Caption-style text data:
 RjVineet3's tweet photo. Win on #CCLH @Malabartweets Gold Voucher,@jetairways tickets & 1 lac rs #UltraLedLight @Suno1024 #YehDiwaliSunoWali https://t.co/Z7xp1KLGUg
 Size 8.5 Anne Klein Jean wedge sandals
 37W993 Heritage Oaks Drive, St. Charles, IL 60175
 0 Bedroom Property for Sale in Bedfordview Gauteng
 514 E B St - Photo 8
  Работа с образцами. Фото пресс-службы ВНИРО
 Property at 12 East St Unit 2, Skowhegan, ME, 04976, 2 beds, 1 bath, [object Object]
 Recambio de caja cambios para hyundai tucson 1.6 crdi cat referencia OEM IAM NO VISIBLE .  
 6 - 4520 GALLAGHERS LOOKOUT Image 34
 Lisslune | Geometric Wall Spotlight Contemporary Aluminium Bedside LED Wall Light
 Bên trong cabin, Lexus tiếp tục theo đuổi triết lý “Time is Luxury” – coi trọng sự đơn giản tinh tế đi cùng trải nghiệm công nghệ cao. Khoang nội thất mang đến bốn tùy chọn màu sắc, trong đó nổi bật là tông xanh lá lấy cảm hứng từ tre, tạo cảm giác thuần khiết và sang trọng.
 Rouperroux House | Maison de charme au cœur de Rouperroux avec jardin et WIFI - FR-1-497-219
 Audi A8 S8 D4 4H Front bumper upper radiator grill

Activity:
In the entries above, how many lines contain the word "Property"? Provide the number alone.

Solution for this task:
2